_Assignment_
The data below is to be transcribed word for word; pictures are to be excluded.

_Data below_
■ ■ ■ ■ ■

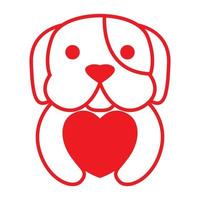 Lindo perro abrazo amor logo símbolo vector icono ilustración diseño gráfico
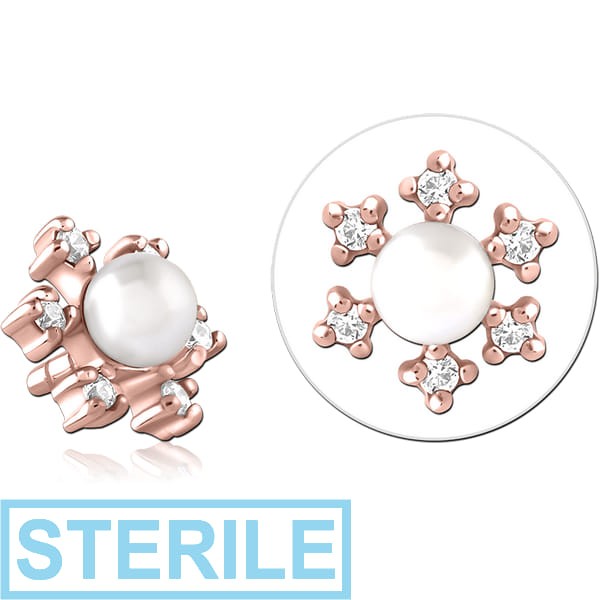 STERILE ROSE GOLD PVD COATED SURGICAL STEEL JEWELLED PUSH FIT ATTACHMENT FOR BIOFLEX INTERNAL LABRET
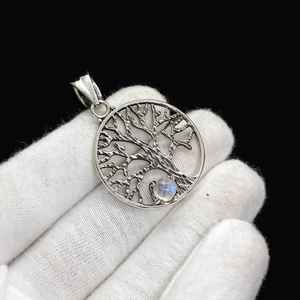 Colgante de Árbol de la Vida con Piedra Lunar Arcoíris, Plata de Ley 925, Hecho a Mano, Joyería de Piedras Preciosas Naturales, Regalo para Mujer - Product Image 5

■ ■ ■ ■ ■

_Result of this exercise_
 Lindo perro abrazo amor logo símbolo vector icono ilustración diseño gráfico
 STERILE ROSE GOLD PVD COATED SURGICAL STEEL JEWELLED PUSH FIT ATTACHMENT FOR BIOFLEX INTERNAL LABRET
 Colgante de Árbol de la Vida con Piedra Lunar Arcoíris, Plata de Ley 925, Hecho a Mano, Joyería de Piedras Preciosas Naturales, Regalo para Mujer - Product Image 5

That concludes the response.